DVD Review: ‘Goltzius and the Pelican Company’

★★★☆☆

“The nipples to itch, the scrotums to tighten, the pricks to rise, the mount of Venus to swell…” goes the piquant promise of British auteur Peter Greenaway’s latest, Goltzius and the Pelican Company (2012). Bare bodies rotate around static, inactive camerawork. Baroque theatrics smudge over Renaissance architecture. Garish monologues laminated with reflections of invisible water are performed almost directly through the screen. It’s all ostensibly comical, fantastically voyeuristic and forcibly sexual; further proof that in a career now spanning over half a century, only Greenaway has the tools to deliver something that is so aesthetically and dramatically his, with no shocks other than shock itself.

Similar to fellow cinematic deviant Walerian Borowczyk, the auteur’s work is strongly influenced by Baroque and Renaissance-style staging. Sex is common and almost mechanical. Farcical horniness deep in the animated retellings of historic masterpieces. Yet the director’s reprise in style isn’t so much monotonous as it is pleasantly hypnotic; like a recurring wet dream. Shadings of Tinto Brass’ certifiably venereal Caligula (1979) are pocketed in Goltzius’ more opulent moments.

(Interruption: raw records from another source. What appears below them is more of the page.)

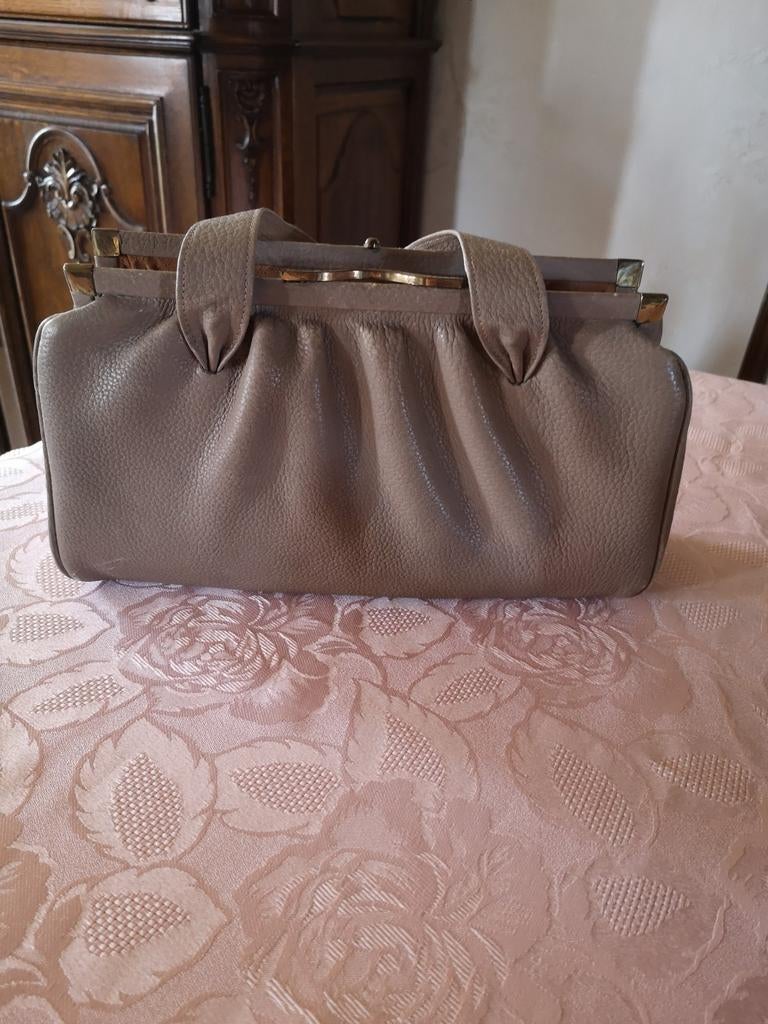 Marque latérale de sac à main en cuir antique, Enlèvement ou Envoi, Comme neuf, Beige, Sac à main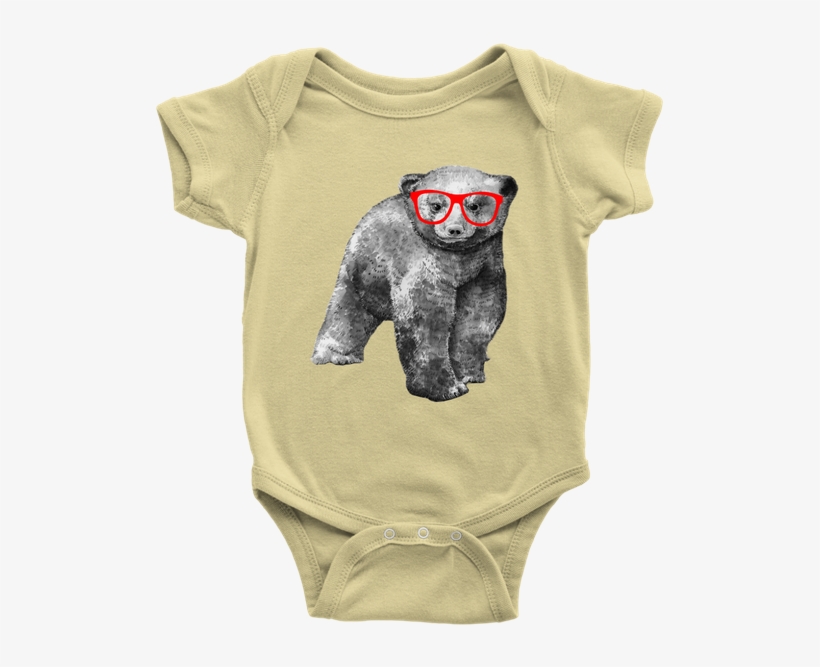 Hipster Grizzly Bear Baby Onesie, Woodland Animal Baby - Dinosaur Baby Onesie, transparent png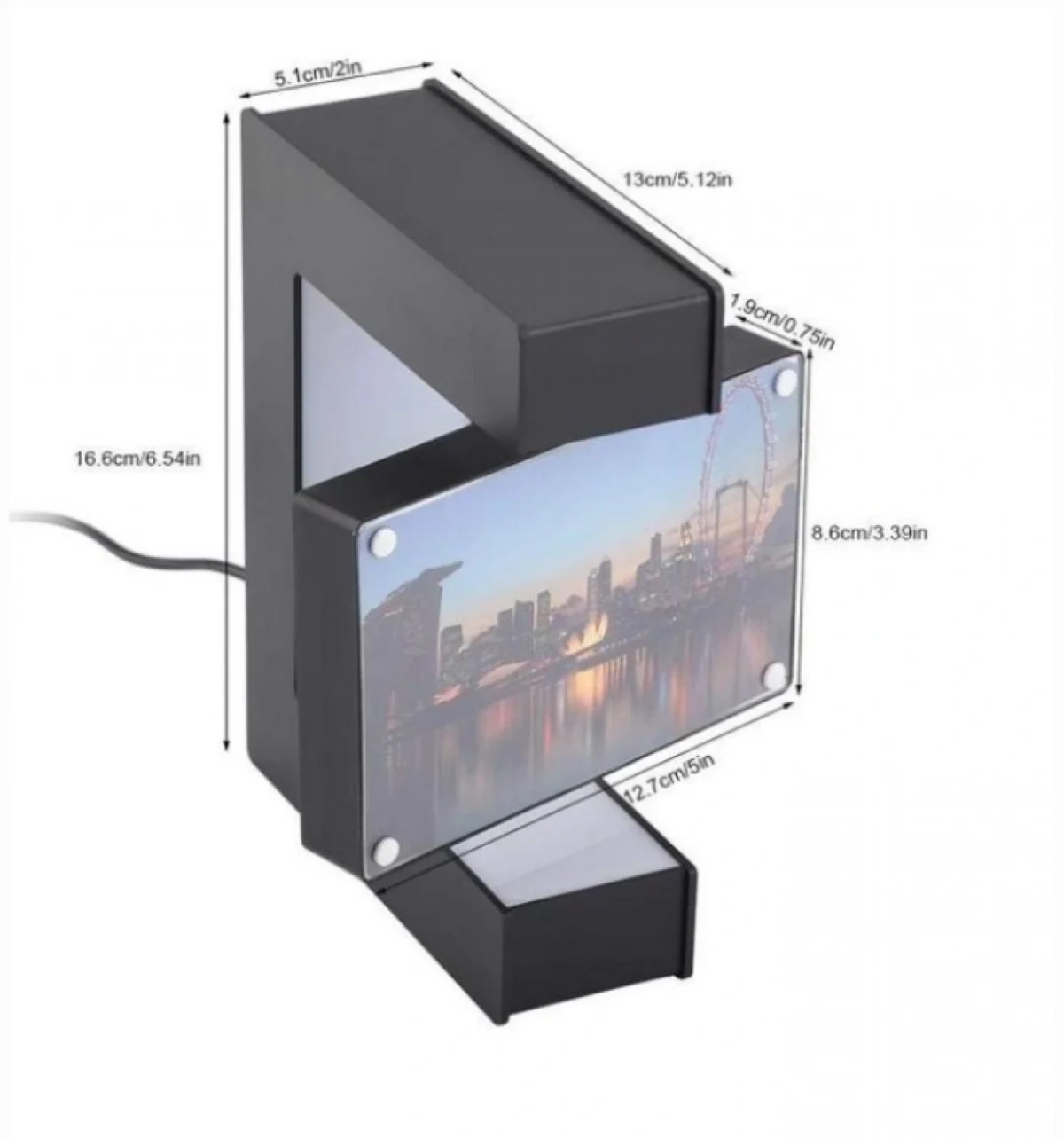 Αιωρούμενη Μαγνητική Κορνίζα Φωτογραφιών με Φως LED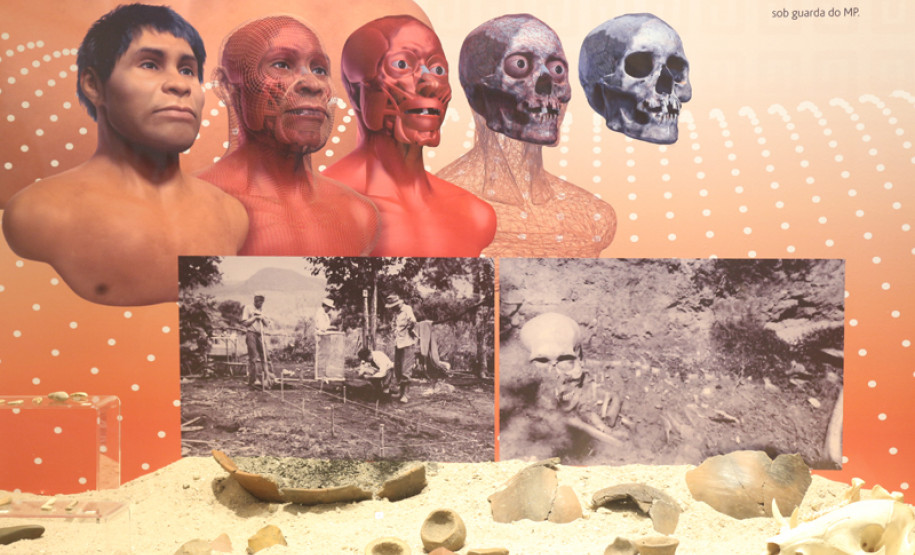 Exposição "Gufan, o paranaense de dois mil anos" no Museu Paranaense.
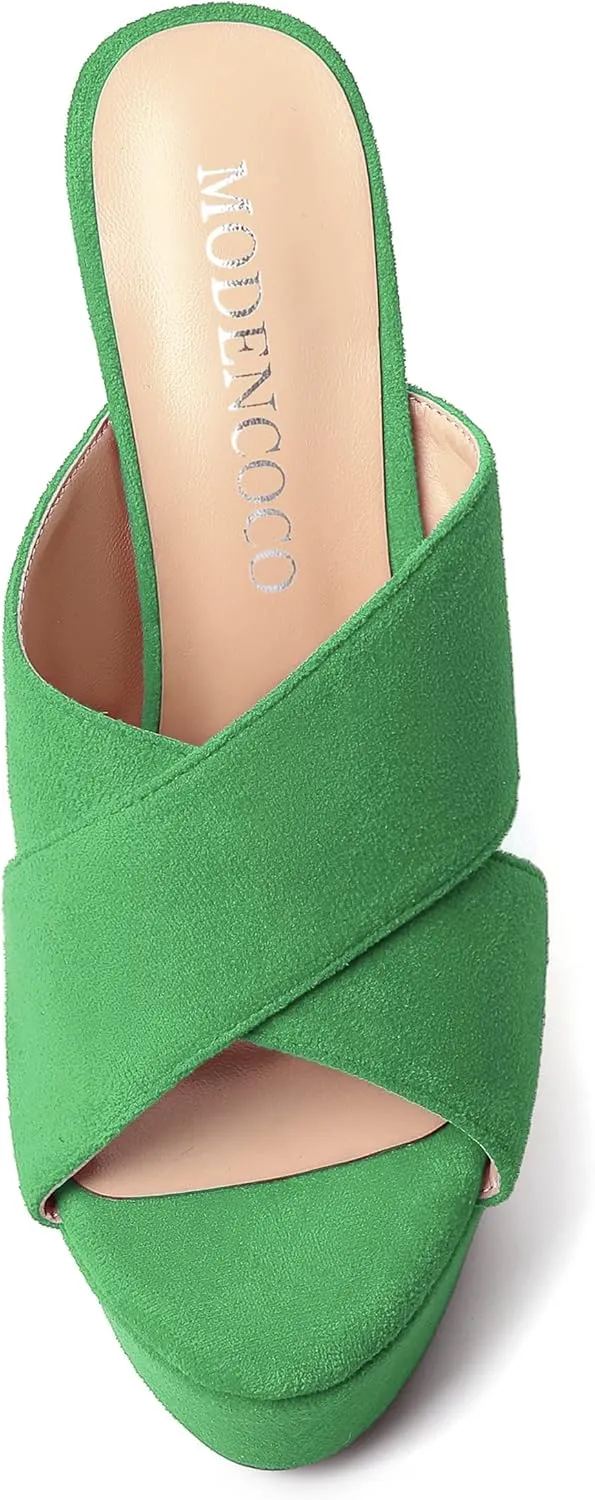 MODENCOCO Womens Platform Sexy Slip On Casual Open Toe Slide Suede Wedge High Heel Heeled Sandals 6 Inch
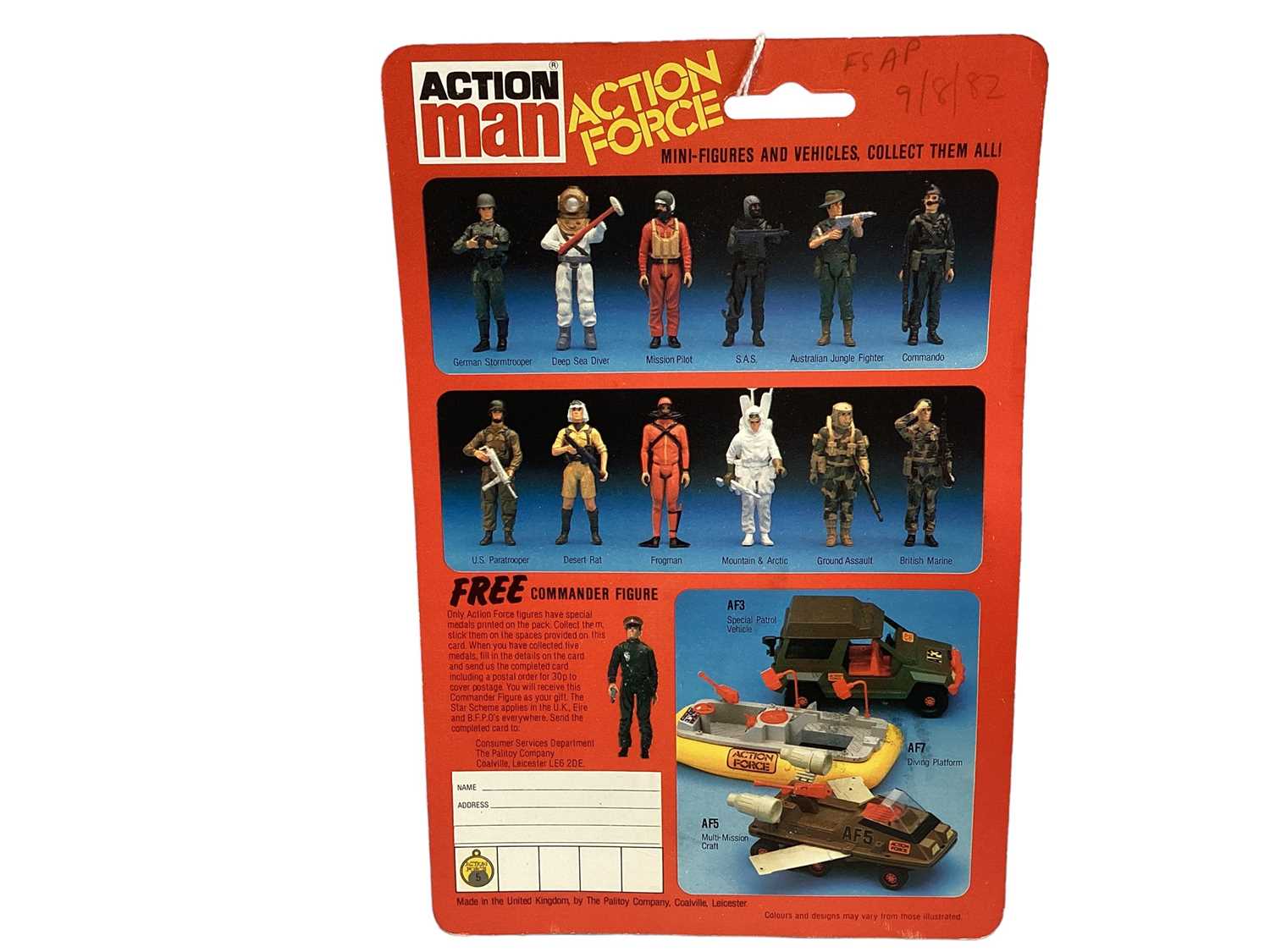 Palitoy Action Man Action Force Series 1 British Marine (Painted Beret Badge Version), on card with - Image 3 of 3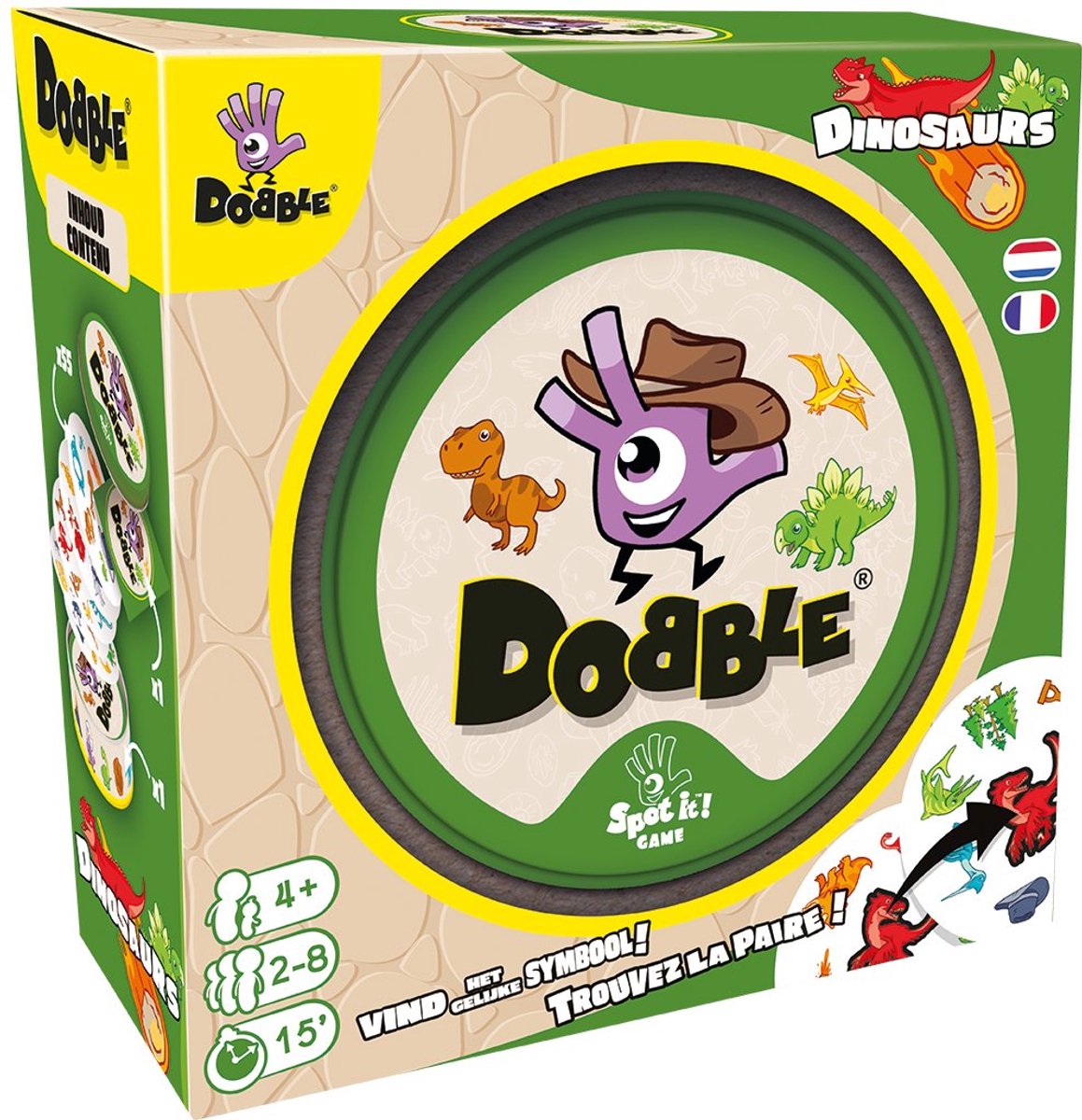 Studio de jeux de société zygomatique asmodee dobble jeu de cartes dinosaures - jeu de réaction pour les enfants et la famille.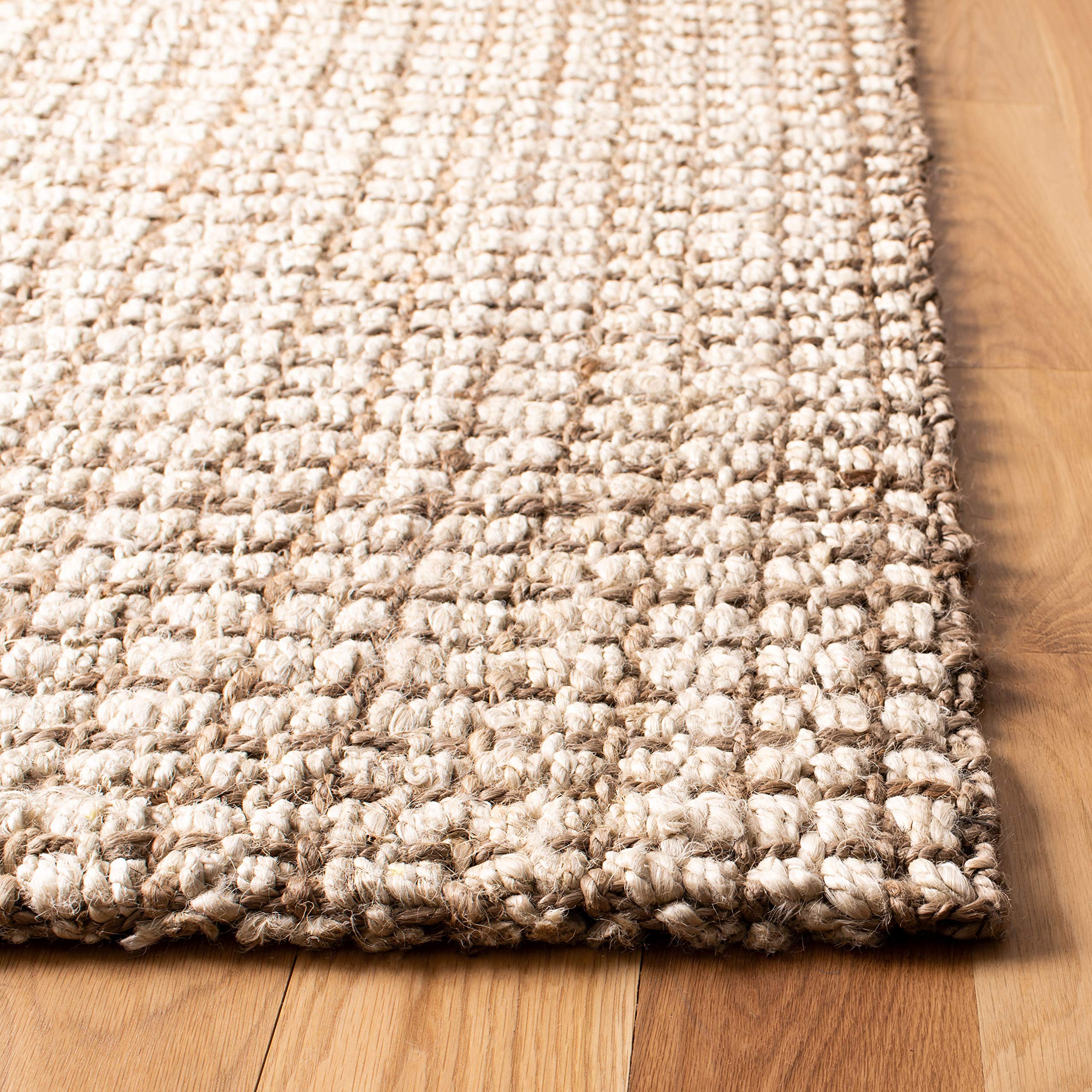 SAFAVIEH Natural Fiber Collection Handmade Jute Area Rug - 6' x 9', Ivory & Natural, Rustic Farmhouse Style for Living Room, Bedroom, High Traffic Areas | Durable & Eco-Friendly Floor Decor for Home, Office, Dining Space (NF186A)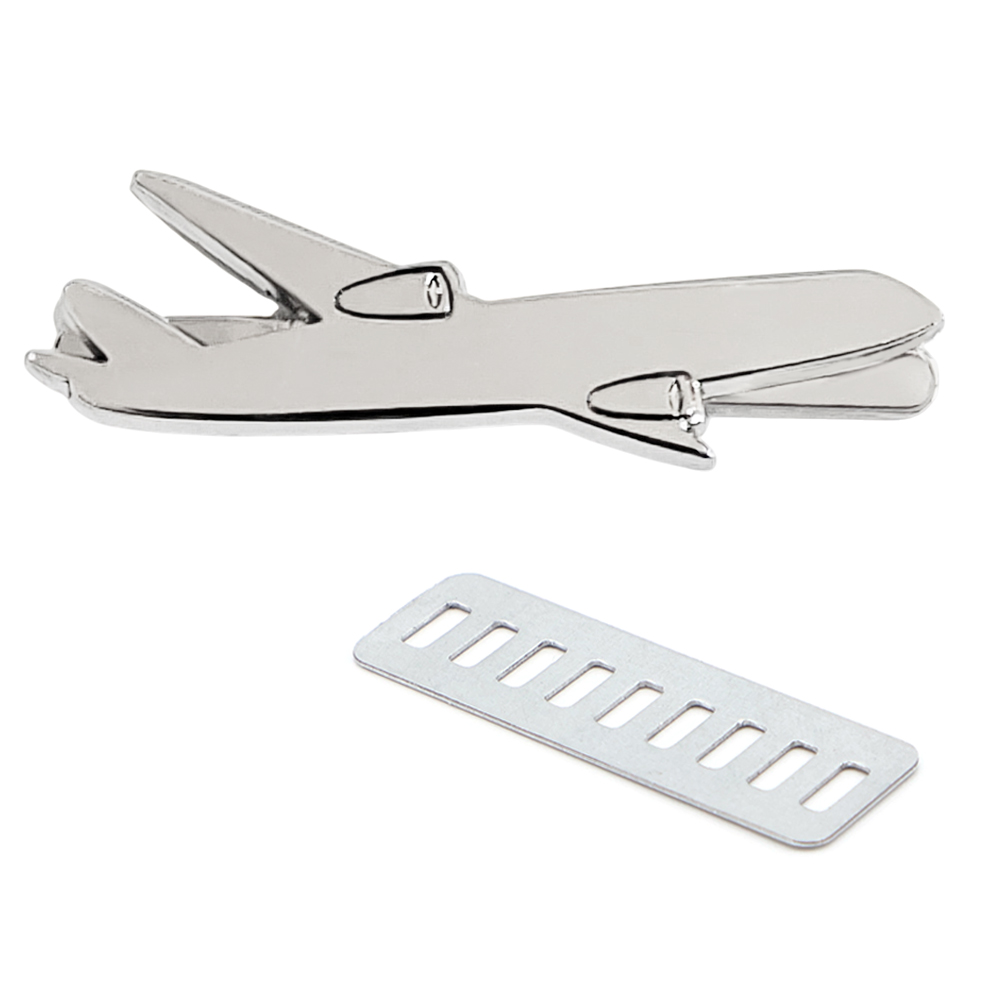 Несессер Колумб с шильдом - самолёт, чёрный/шильд самолёт (серебро)-2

And still, beyond the naked bodies and artistic extravagance is rooted not only a narrative but one with a theoretical keynote. Based on the life of Dutch painter Hendrick Goltzius (Ramsey Nasr), the artist endeavours to persuade the Margrave of Alsace (F Murray Abraham) to invest in an erotic rework of the Old Testament.

Satirical tableaux of Lot and his daughters, David and Bathsheba and Adam and Eve are all stripped of their biblical decency (and clothes), performed to an outraged panel of onlookers. What should be a derivative idea from a towering contemporary director becomes a poignant social commentary of our current media system’s monomania with sex as our apparatus for communication. It’s an astute critique on, as Greenaway suggests, how “every new visual technology, sooner or later, gets into bed with lechery”. The debauched perception of modern entertainment are scrutinised through insult and burlesque. It may be a desensitised vision of our future, but an apt one it is, delivered with majesty and spice. Goltzius and the Pelican Company is the second instalment of what Greenaway has deemed his Dutch masters trilogy. So far, the series is standing up to be a worthy addition to Greenaway’s canon of work. It’s just a shame that the shoe-string budget he so frequently seems to depend on can make his productions vaguely jarring for the eyes.